„Zawody łazików marsjańskich European Rover Challenge są znakomitą okazją do kształcenia kadr kosmicznych” – mówił w środę minister nauki i szkolnictwa wyższego Jarosław Gowin. W dniach 14-16 września w Starachowicach odbędzie się czwarta edycja tej imprezy.

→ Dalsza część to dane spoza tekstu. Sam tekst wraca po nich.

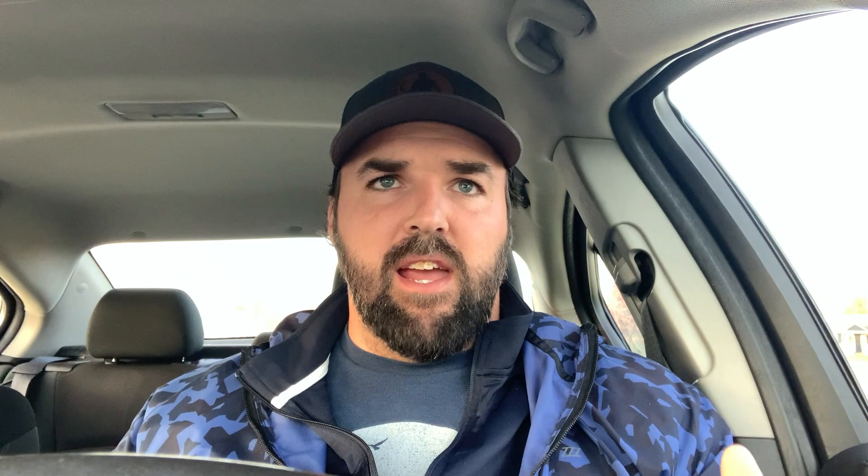If you're interested in a true deep dive into the why, the how, and the what of throws technique, that course is available on my Patreon page — I'll put a link in the description. There are also dozens of posts on my Patreon: lifting plans, training plans, everything you need to throw your farthest. I'd give it a shot — you'll learn more than you even thought was possible with the throws, and I think you'll really enjoy it and see some improvement. Thanks for watching, and I'll see you on the next one.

„Potrzebujemy kadr do przemysłu kosmicznego” – podkreślił w środę wicepremier, minister nauki i szkolnictwa wyższego Jarosław Gowin, przemawiając podczas konferencji prasowej inaugurującej czwartą edycję międzynarodowych zawodów łazików marsjańskich European Rover Challenge. „Zawody, które się wkrótce odbędą, są znakomitą okazją do tego, żeby takie kadry wychowywać i kształcić. Uczestnicy zawodów zdobyli i zdobędą wiele twardych umiejętności bardzo potrzebnych w gospodarce opartej o nowoczesne technologie, ale zdobędą też wiele umiejętności miękkich, potrzebnych w świecie, który jest coraz bardziej złożony, coraz bardziej dynamicznie się zmienia” – dodał.
„Jestem przekonany, że dla tych młodych ludzi, którzy skonstruowali te łaziki zawody starachowickie będą wielkim krokiem ku ich karierze i jednym z kolejnych kroków do rozwoju dynamicznej polskiej gospodarki” – stwierdził wicepremier.
Czwarta odsłona European Rover Challenge – międzynarodowych zawodów robotycznych odbędzie się w dniach 14-16 września w Muzeum Przyrody i Techniki w Starachowicach (woj. świętokrzystkie). Z tej okazji pod Starachowicami powstało plenerowe pole usypane na wzór powierzchni Marsa.
Biorące udział w konkursie drużyny pracują nad przygotowaniem w pełni funkcjonalnego robota marsjańskiego, budowanego na wzór stacjonującego na Marsie pojazdu Curiosity czy też mającego pojawić się tam za dwa lata robota ExoMars.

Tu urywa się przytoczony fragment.